Activity:
Retype every record exactly. Leave the pictures out.

______________________________

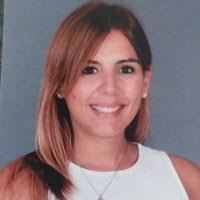 Carla Beatriz Expósito Montañez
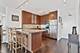 555 W Cornelia Unit 808, Chicago, IL 60657
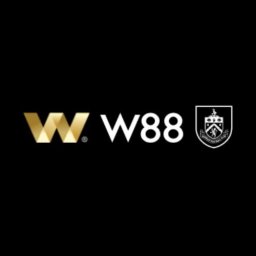 w88vtbetw88trycom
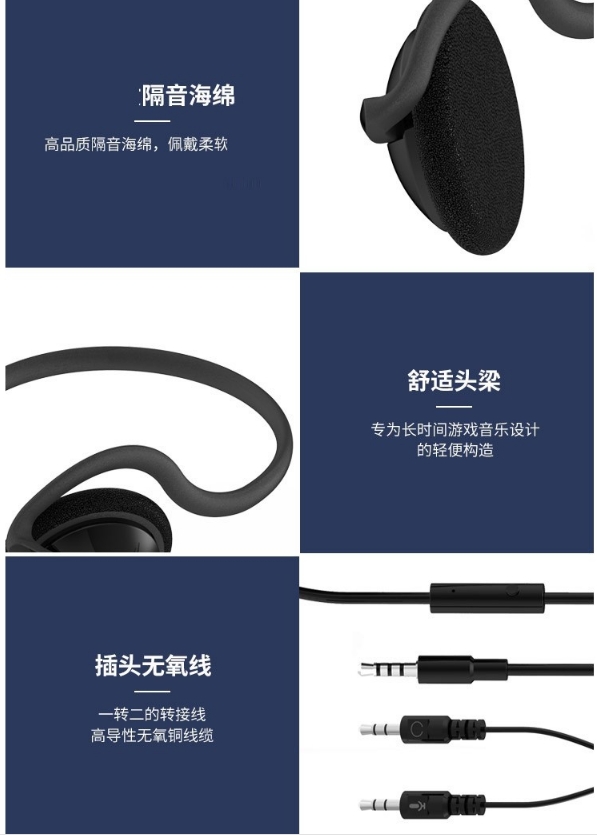 微信截图_20240606180355.jpg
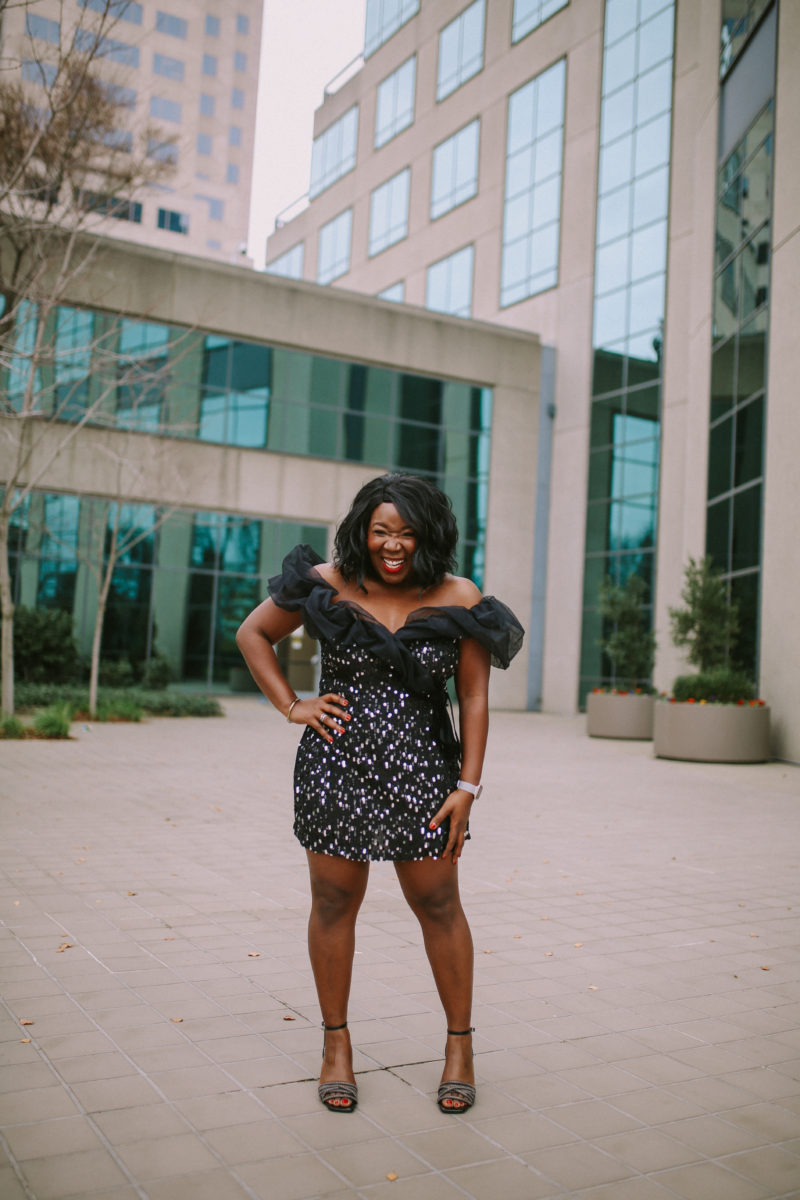 Ruthie Ridley Blog Ready for 2020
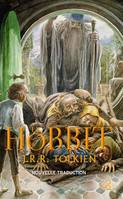 Le Hobbit, Nouvelle traduction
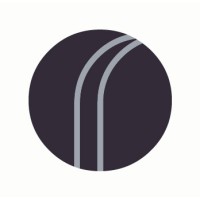 Rowan Orchid Architects logo - Similar company to Studio Mcleod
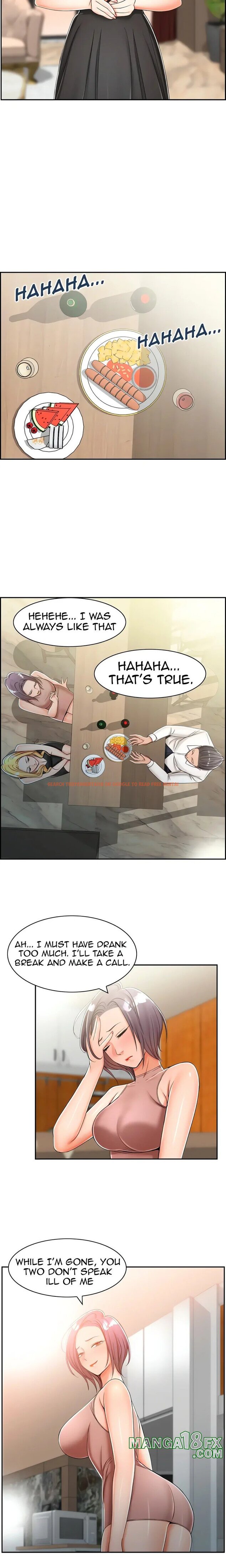 Read Hentai Image 11 115 in comic An Affair Deal - Chapter 13 - hentaitnt.net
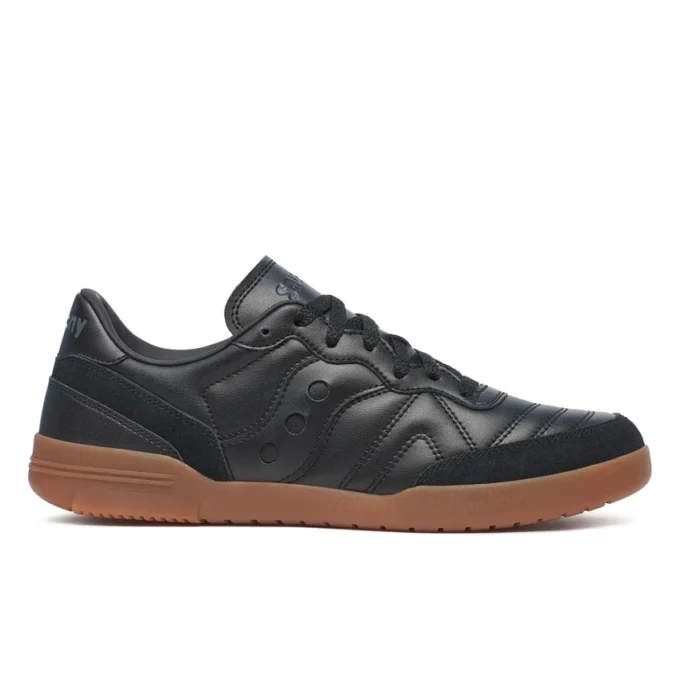 586i in pelle 586i in pelle
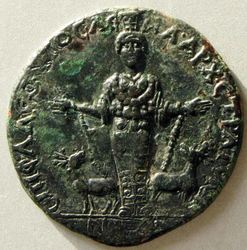 RP 120d, Stratonikeia, Rv-.jpg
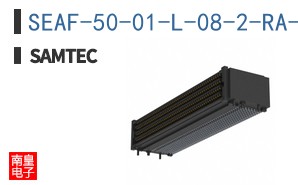 SEAF-50-01-L-08-2-RA-TR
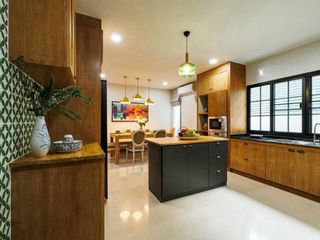 For rent 5 bedrooms house in Mueang Chiang Mai, Chiang Mai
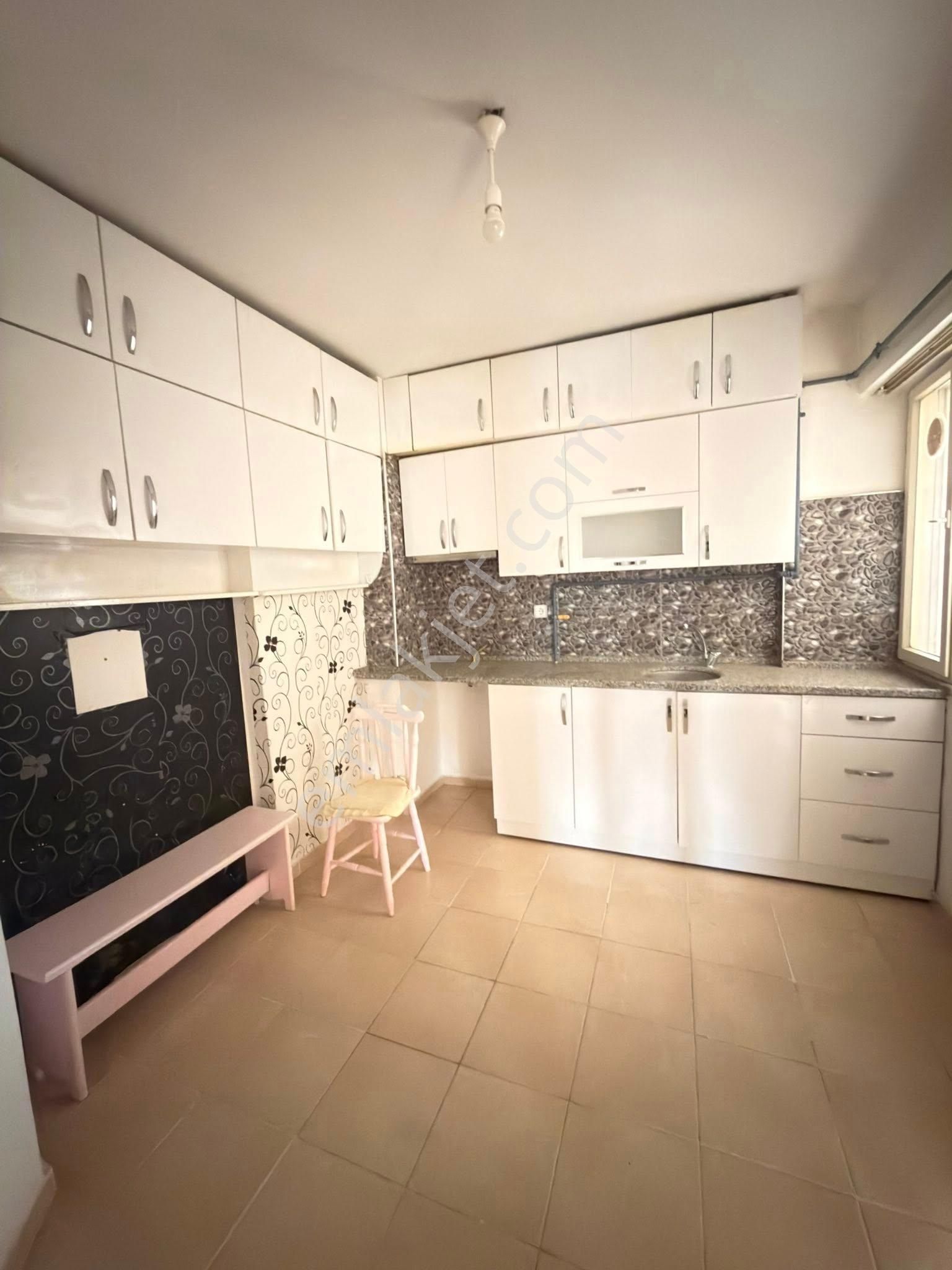 Satılık Daire – Kaçırılmayacak Fırsat! Aydın / Nazilli – Turan Mahallesi - Görsel 16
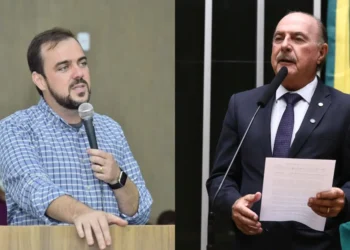 pressao-por-afunilamento-esbarra-em-resistencia-de-pre-candidatos-ao-senado 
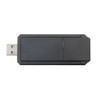 New Version Wi-Fi 6e USB 3.0 Network Adapter for AX5400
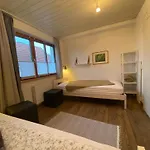 Apartmán Bei Uns Im Allgaeu - Fuer Erholung Und Aktivitaet *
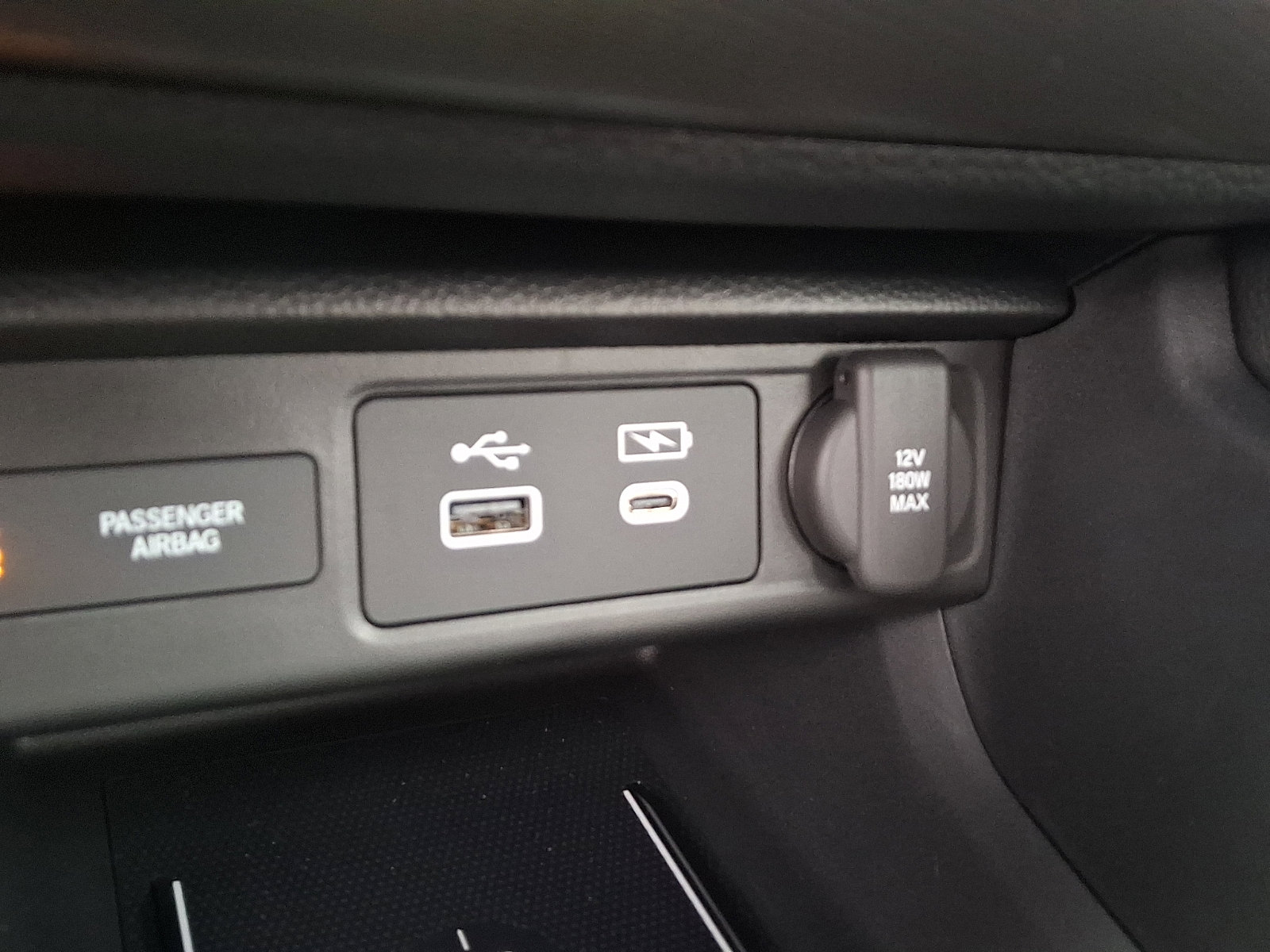 New 2026 Acura Integra A-Spec image 19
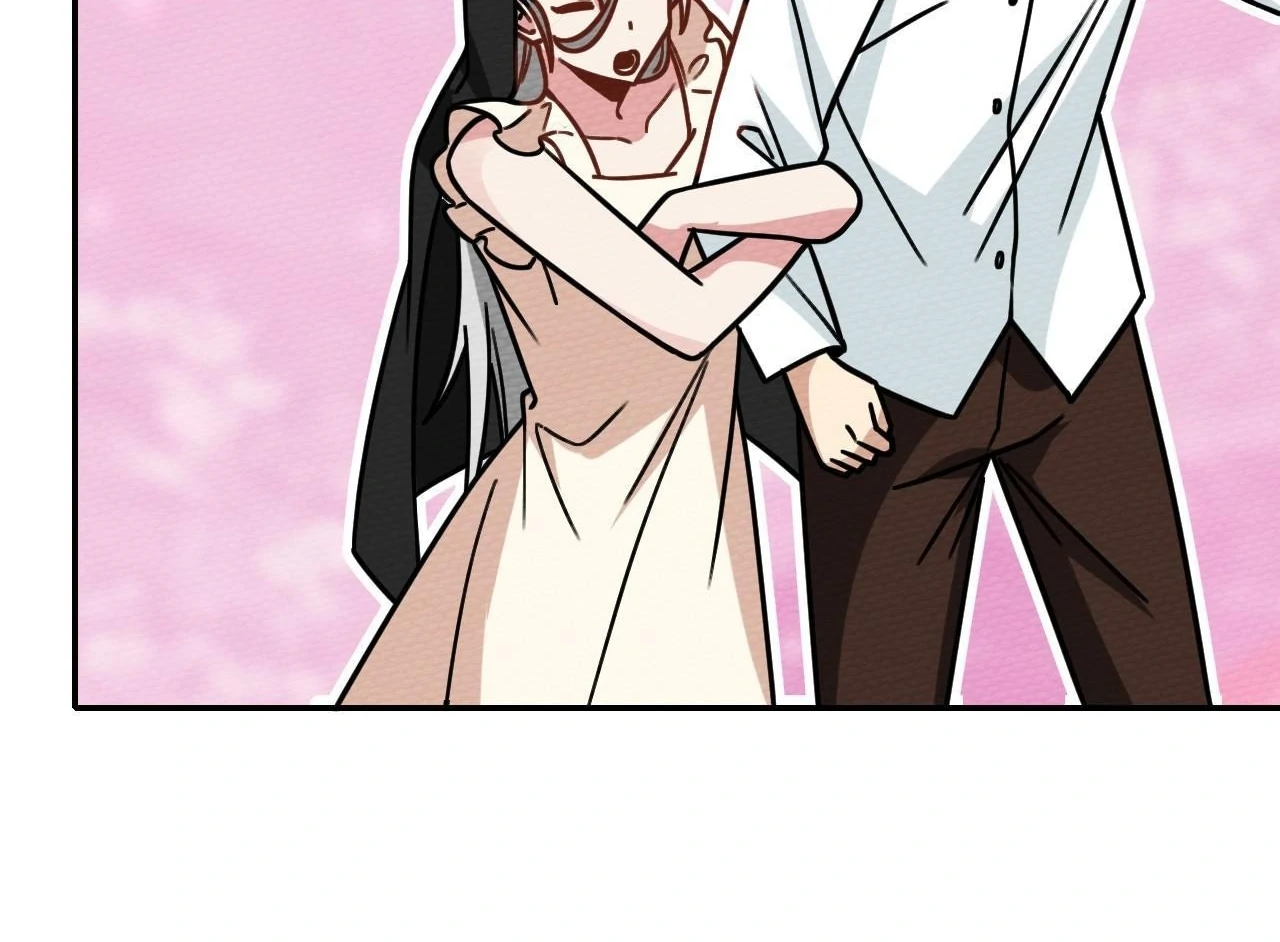 That Time I Was Summoned As A First-Level Monster Chapter 29 - page 102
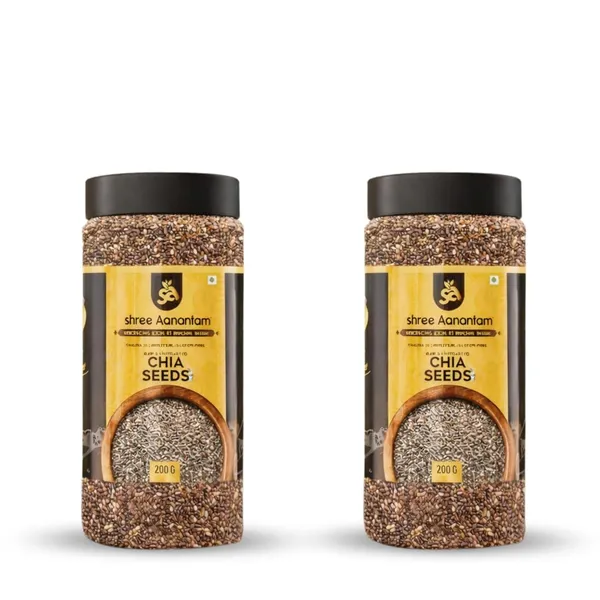 Shree_Aanantam_Chia_Seeds_Rich_In_Omega_And_Fibre_For_Summer_Non_Gmo_Diet_Snacks_Seeds_For_Eating_Pack_Of_2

______________________________

Exercise result:
 Carla Beatriz Expósito Montañez
 555 W Cornelia Unit 808, Chicago, IL 60657
 w88vtbetw88trycom
 微信截图_20240606180355.jpg
 Ruthie Ridley Blog Ready for 2020
 Le Hobbit, Nouvelle traduction
 Rowan Orchid Architects logo - Similar company to Studio Mcleod
 Read Hentai Image 11 115 in comic An Affair Deal - Chapter 13 - hentaitnt.net
 586i in pelle 586i in pelle
 RP 120d, Stratonikeia, Rv-.jpg
 SEAF-50-01-L-08-2-RA-TR
 For rent 5 bedrooms house in Mueang Chiang Mai, Chiang Mai
 Satılık Daire – Kaçırılmayacak Fırsat! Aydın / Nazilli – Turan Mahallesi - Görsel 16
 pressao-por-afunilamento-esbarra-em-resistencia-de-pre-candidatos-ao-senado 
 New Version Wi-Fi 6e USB 3.0 Network Adapter for AX5400
 Apartmán Bei Uns Im Allgaeu - Fuer Erholung Und Aktivitaet *
 New 2026 Acura Integra A-Spec image 19
 That Time I Was Summoned As A First-Level Monster Chapter 29 - page 102
 Shree_Aanantam_Chia_Seeds_Rich_In_Omega_And_Fibre_For_Summer_Non_Gmo_Diet_Snacks_Seeds_For_Eating_Pack_Of_2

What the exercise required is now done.